Dass eine Bücherei der Zukunft mehr bieten muss als ein attraktives Medienangebot, hat man in Esslingen schon lange erkannt und daraus Schlüsse gezogen – sofern die beengten Platzverhältnisse das erlaubten. Eine deutlich erweiterte Bibliothek wird ein noch differenzierteres Angebot ermöglichen. Dennoch ist klar, dass auch dort der Platz nicht unbegrenzt zur Verfügung steht. „Wichtig ist uns, dass alle Wünsche und Anregungen auf den Tisch kommen“, sagt Gudrun Fuchs. „Dann müssen wir sehen, was machbar ist.“ Manches wie der Wunsch nach Barrierefreiheit oder deutlich mehr Arbeitsplätzen ist gesetzt. Manchmal regt aber ein Hinweis im Detail zum Nachdenken an – wie der Gedanke, Arbeitsplätze mit Schließfächern auszustatten, damit Arbeitsmaterialien auch mal über Nacht in der Bücherei bleiben können. Oder der Wunsch, mehr Platz fürs Café oder den Kinder- und Jugendbereich anzubieten.
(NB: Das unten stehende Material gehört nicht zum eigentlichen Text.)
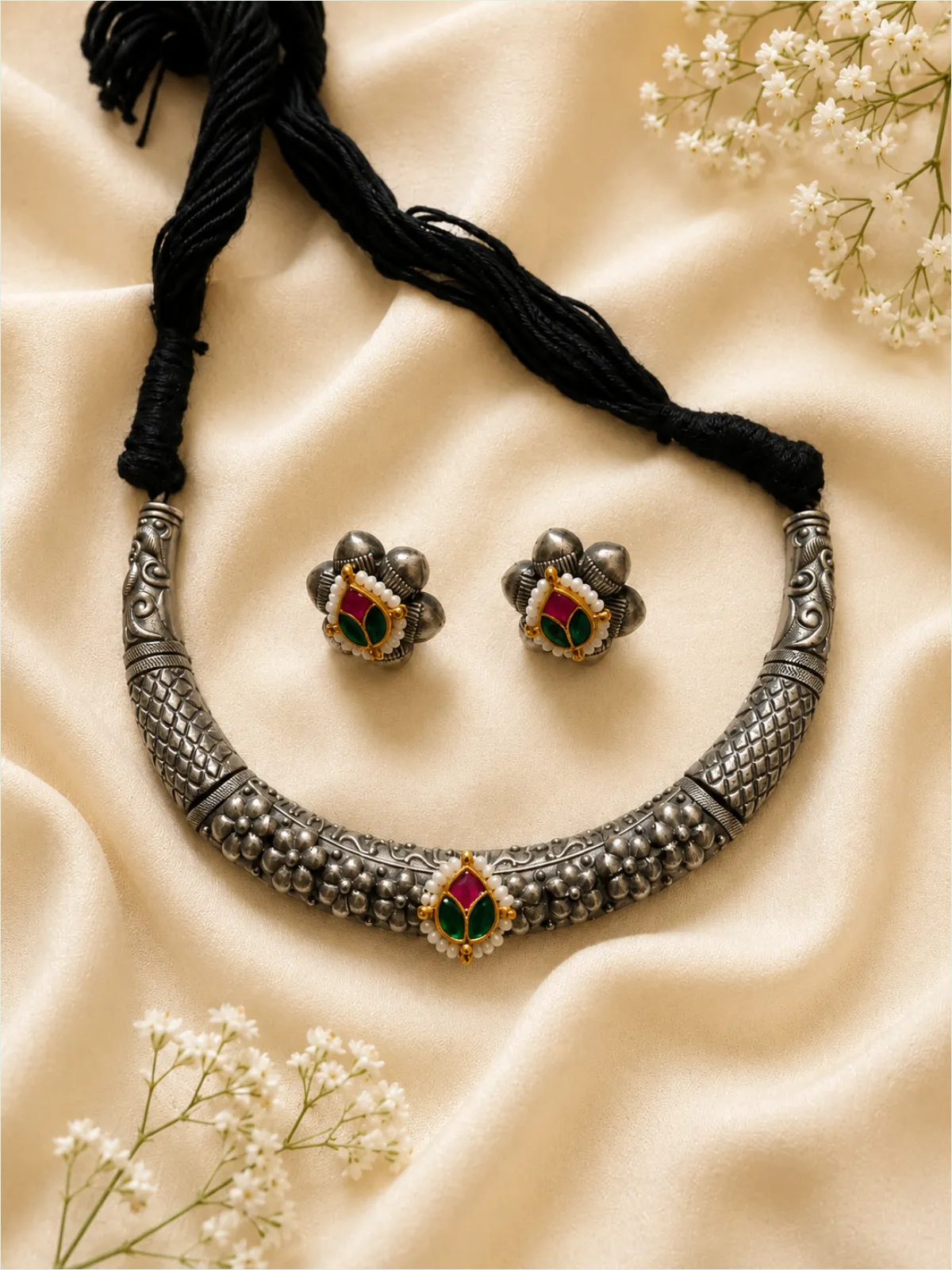 Silver Look Like Hasli - Image 2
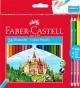 Цветни моливи "Замък" + 6/12 цвята + острилка Faber-Castell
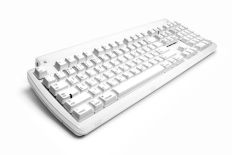 Matias Tactile Pro klawiatura mechaniczna Mac hub 3xUSB biała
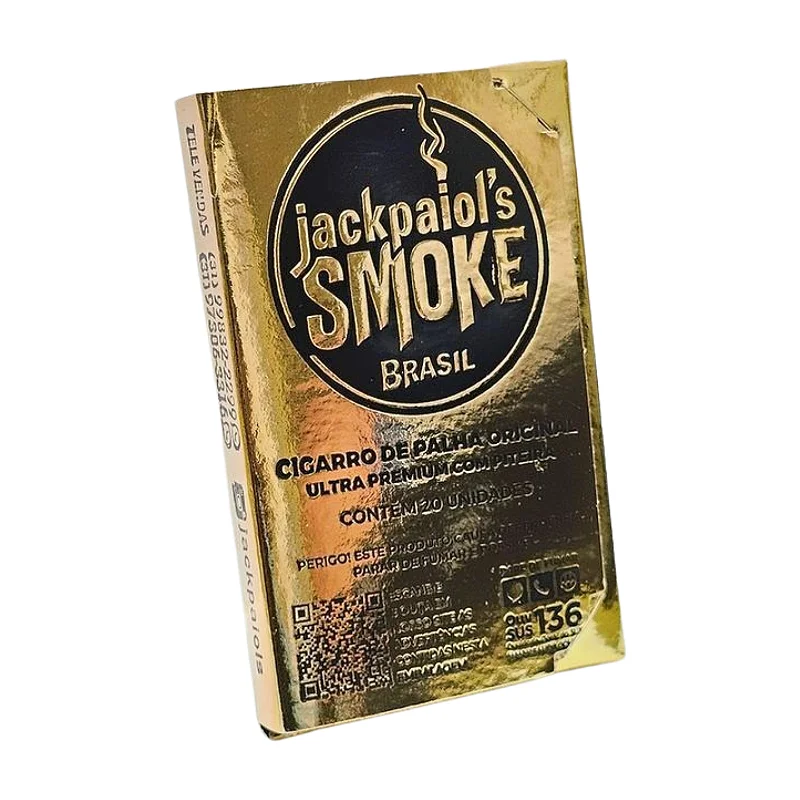 Palheiros - Palheiro Jack Paiols Smoke Brasil - Gold c/20un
Und bei manchen Ideen wie einer möglichen Überdachung des malerischen Innenhofs darf man auf Vorschläge der Architekten gespannt sein.

Professorin Christel Köhle-Hezinger ist für den Geschichts- und Altertumsverein dabei. Die Volkskundlerin war sehr gespannt auf die Beratungen, weil sie die Erfahrung gemacht hat, dass sich vieles, was sich Bürgerbeteiligung nennt, auf dem Papier überzeugend liest, in der Praxis den hohen Ansprüchen aber nicht immer genügt. Doch die bisherigen drei Expertenrunden haben sie überzeugt: „Die Gruppe ergänzt sich in ihrer Unterschiedlichkeit sehr gut. Da wird durchaus auch mal sehr kontrovers diskutiert, aber immer im gemeinsamen Bemühen, das Beste für die Bücherei zu erreichen.“ Diesen Eindruck hat auch Daniel Blank, der von der Initiative Bürgerbegehren Stadtbücherei entsandt wurde: „Man spürt, dass sich die Stadt sehr viel Mühe gibt, damit die Bürgerbeteiligung ein Erfolg wird. Mit den Beratungen der Expertenrunde ist es natürlich nicht getan, aber sie sind ein wichtiger erster Schritt, dem viele weitere folgen müssen. Manche Vorschläge sind sehr weitreichend und auf den ersten Blick überraschend, aber vielleicht findet ja ein Architekt auch auf große Herausforderungen eine überzeugende Antwort. Ich hoffe sehr, dass dieses Beispiel auch bei anderen Themen Schule machen wird. Wenn man es mit der Bürgerbeteiligung wirklich ernst nimmt, ist das Geld dafür gut angelegt.“

Das sieht auch Andreas Mittrowann so, der zahlreiche Bibliotheken quer durch die Republik auf ihrem Weg in die Zukunft begleitet und der die Esslinger Expertenrunde moderiert. „Esslingen geht hier einen vorbildlichen Weg“, bescheinigt er der Stadt, die er darin bestärkt, diesen Prozess „langfristig und sehr offen anzulegen“. Weil sich Büchereien zunehmend von Ausleihstationen für Medien hin zu Orten der Kommunikation und Begegnung mit einem differenzierten Medienangebot entwickeln, sei es nur vernünftig, auf die Bürger zu hören. In den USA sei dieser Gedanke, der nun auch in Esslingen gepflegt wird, schon weitaus verbreiteter.

Die Stadt Esslingen lädt am Freitag, 10. Mai, von 18 bis 22 Uhr alle Interessierten zum Beteiligungsworkshop zur Planung der neuen Bücherei ins Neckar Forum ein.